Hypothesis Testing with Randomization

Chapter 11
Math 215

Flavor Preferences

  • Research question: Do people on the East Coast have a higher preference for cola than people on the West Coast?
  • soda dataset
  • 2 variables
    • location: East or West
    • drink preference: Orange or Cola
  • 60 individuals (34 from East, 26 from West)

Results (EDA)

location Cola Orange total
East 28 6 34
West 19 7 26
total 47 13 60

Standardized barplot showing proportions of drink preferences

Difference in proportions

  • Success: drink = Cola
  • Statistic of interest: difference in proportions \[\hat{p}_E-\hat{p}_W\]
  • Observed difference: \[\frac{28}{34}-\frac{19}{26}=0.09276\]

Hypothesis Test

  • From the sample it appears that there is a stronger preference for cola on the East Coast
  • It may be that there is no real difference in preference in the population, and the observed difference is not surprising when selecting a sample of this size from the population
  • A hypothesis test states these two possibilities formally as hypotheses then weighs them against each other using the results from the sample as evidence

Hypotheses

  • The null hypothesis, denoted \(H_0\), represents a skeptical perspective or a claim of no difference
  • The alternative hypothesis, denote \(H_A\), represents an alternative claim of difference.
  • As statisticians, we usually establish hypotheses before viewing the data in order to avoid bias
  • Depending on you research question, you can have \(H_A\) in form “\(<\)” or “\(\neq\)

In words:

    \(H_0:\) Location has no
    effect on preference for
    cola over orange soda.
    \(H_A:\) There is a higher
    preference for cola
    over orange soda on the
    East Coast than on the
    West Coast.

In symbols:

    \(H_0: p_E - p_W = 0\)
    \(H_A: p_E - p_W > 0\)
  • Note that \(p_E\) and \(p_W\) are parameters,i.e. long-run proportions of all people who prefer Cola on East Coast and West Coast

Null Distribution

  • We test the null hypothesis by comparing the observed value of the statistic to a null distribution
  • If the null hypothesis is true and we select different samples of the same size from the population, we would expect the value of the statistic to vary between samples
  • The null distribution is the distribution that describes those values
  • It is an example of a sampling distribution (distribution of a statistic)

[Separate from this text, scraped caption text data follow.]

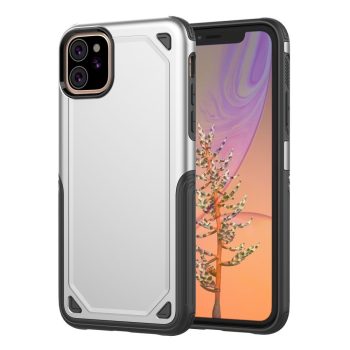 RMPACK iPhone 11 Tok Rugged Armor Ütésálló 2in1 Hybrid Plastic Ezüst   RMPACK iPhone 11 Tok Rugged Armor Ütésálló 2in1 Hybrid Plastic Ezüst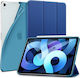 ESR Rebound Slim Flip Cover Navy (iPad Air 2020...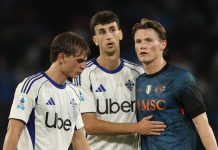 Napoli bất lực trước Como dù chơi trên sân nhà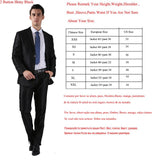 (Jackets+Pants) 2016 New Men Suits Slim Custom Fit Tuxedo Brand Fashion Bridegroon Business Dress Wedding Suits Blazer  H0285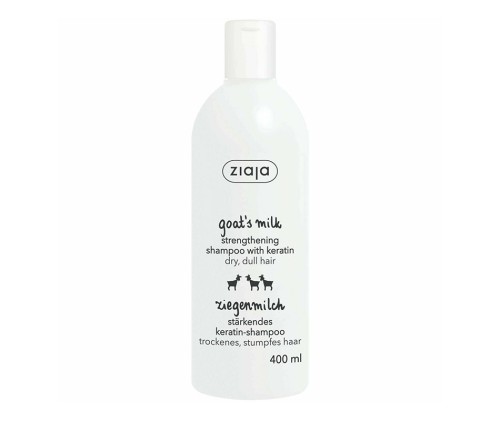 Ziaja Goat Milk Shampoo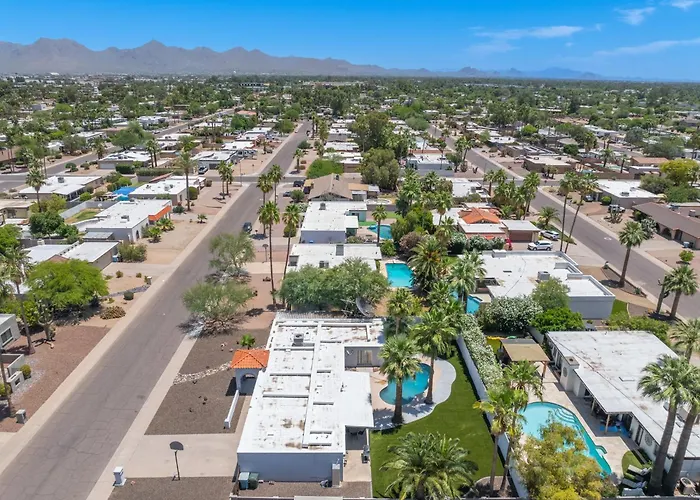 4bd Kierland & Quarters Pool & Palms Holiday home Scottsdale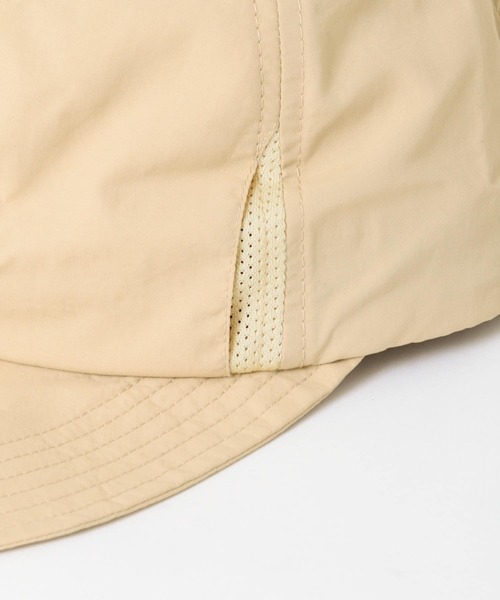 EKAL(エカル)の「『別注』WILDTHINGS×EKAL サプレックスナイロンキャップ(キャップ・メンズ・ベージュ/ブラック/グレー系その他・ONE)」の6枚目の写真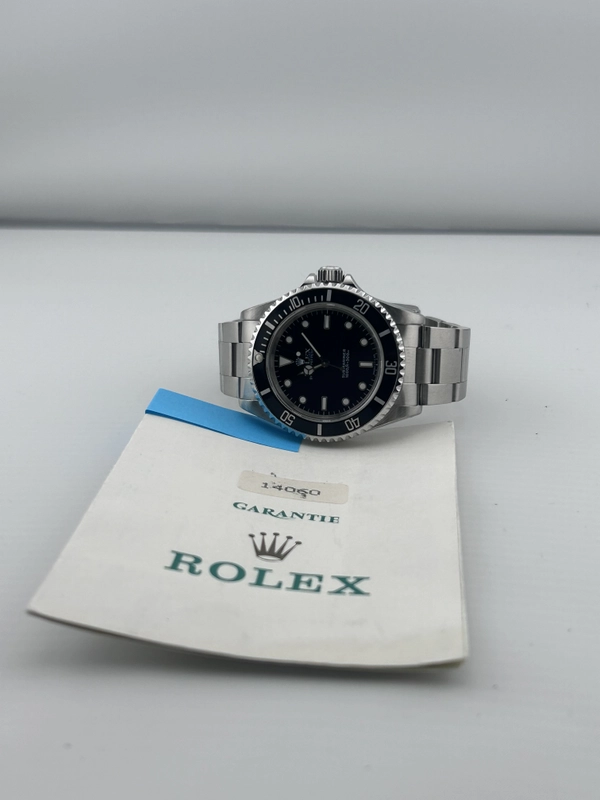 Rolex Submariner No Date Black Dial on Oyster Ref. 14060 Card view 6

Null Distribution Using Random Permutation

  • Suppose that I suspect Hope students that sit in the front of class had a higher high school GPA than students that sit in the back
  • I ask each of you to write your high school GPA on a sheet of paper and I calculate the difference in mean GPA for students in the front and in the back
  • I want to know how that difference compares to differences I would measure if there is no difference
  • The GPAs I collected is my best picture of what the distribution of GPAs is like at Hope
  • To simulate the null hypothesis being true (no difference between front and back), I could mix up your GPAs and hand them back to you
  • Then I could collect them again and measure the difference in means between front and back
  • If I do this many times it will give me a good idea of what the differences would look like if the null hypothesis is true (the null distribution)
  • Mixing up the values of the response variable as in the GPA example is called random permutation
  • I can use random permutation to create a null distribution
  • Usually we will do this with a computer, because we want to calculate the statistic for 1,000 or 10,000 random permutations

Here is the original soda data with 5 random permutations.

Random Shuffle

  • Now let’s simulate 100 samples assuming true null hypothesis
  • We’ll calculate a difference in proportions for each permutation
  • Use infer package
set.seed(8675309)

library(infer)
soda_perm <- soda |> 
  specify(drink ~ location, success = "Cola") |>
  hypothesize("independence") |>
  generate(reps = 100, type = "permute") |>
  calculate(stat = "diff in props", order = c("East", "West"))

Dot plot of 100 differences in randomized proportions (null distribution), showing observed difference as dashed vertical line.

Red dots are as large or larger than the observed test statistic.

p-Value

  • To test the null hypothesis (\(p_E-p_W = 0\)) we consider how probable it would be to get a difference in proportions that is at least as large as the observed difference if \(H_0\) is true
  • This probability is called a p-value
  • We use the null distribution to calculate the p-value

There are 28 differences in randomization proportions that are greater than or equal to the observed value (0.09276). So we estimate the p-value to be 28/100 = 0.28.

The p-value is the proportion of red dots.

Significance Level

  • Before we conduct a study, we define a significance level, denoted \(\alpha\)
  • We decide that in order to reject the null hypothesis as false, the p-value must be less than \(\alpha\)
  • The significance level is the standard of evidence we will use to judge the null hypothesis
  • We presume the null hypothesis is true, but we are willing to reject it if the evidence against it is strong enough (the p-value is less than \(\alpha\))
  • Typical values for \(\alpha\) are 0.05 and 0.01
  • Sometimes other values are used
  • Unless otherwise noted, we will always use \(\alpha = 0.05\)
  • The significance level \(\alpha\) is the probability of rejecting the null hypothesiswhen it is true
  • The error that you make in this case is called Type I Error

Conclusion

  • In the soda example, the observed difference in proportions (\(\hat{p}_E-\hat{p}_W = 0.09276\)) does not allow us to reject the null hypothesis (p = 0.28) at the \(\alpha = .05\) significance level.
  • So, our formal conclusion is that we failed to reject the null hypothesis
  • The difference in the proportions is not statistically significant
  • This means that it is plausible that there is no difference in the proportions of people who prefer cola to orange soda between the East and West Coast.